How does one calculate the weights to use in numpy.polyfit, in the common situation where one has the 1σ error (standard deviation) of the input measurements?
The relation between w and the 1σ errors in numpy.polyfit is
w = 1/sigma
which is different from what everybody will expect.
Edit: following my comment on Github, the numpy.polyfit 1.16 documentation now explicitly states "use 1/sigma (not 1/sigma**2)" to avoid people thinking there is a typo in the formula.
In least-squares fitting one generally defines the weights vector in such a way that the fit minimizes the squared error (see e.g. Wikipedia or NIST)
chi2 = np.sum(weights*(p(x) - y)**2)
In the common situation where the 1σ errors (standard deviations) "sigma" are known one has the familiar textbook relation where the weights are the reciprocal of the variance
weights = 1/sigma**2
However the numpy.polyfit documentation defines the weight as "weights to apply to the y-coordinates". This definition is not quite correct. The weights apply to the fit residuals, not only to the y-coordinates.

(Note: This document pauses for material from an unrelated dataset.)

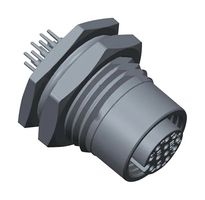 AMPHENOL LTW MSAS-04PFFP-SF8002 传感器连接器, M12, 母, 4路, 焊接插座, 直形面板安装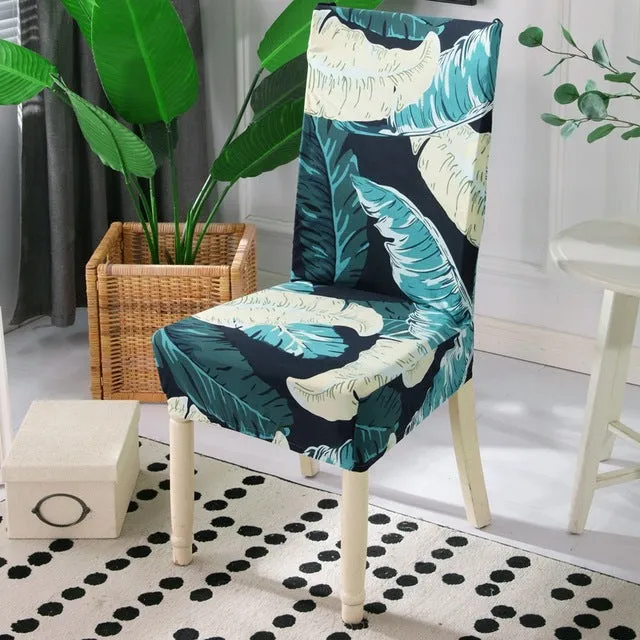 Floral Print Design Stretch Chair Cover For Party Banquet Wedding Restaurant - 24 Designs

More importantly, looking at the math in the Numpy (v1.9.1) code it appears that the Numpy code solves the linear problem below in the last-squares sense, where the w vector does indeed multiply the y-coordinate
(vander*w[:, np.newaxis]).dot(x) == y*w
But solving the above array expression in the least-squares sense is equivalent to minimizing the expression below with w inside the parenthesis
chi2 = np.sum((w*(vander.dot(x) - y))**2)
Or, using the notation of the Numpy documentation
chi2 = np.sum((w*(p(x) - y))**2)
in such a way that the relation between w and the 1σ errors is
w = 1/sigma
which is different from what everybody will expect.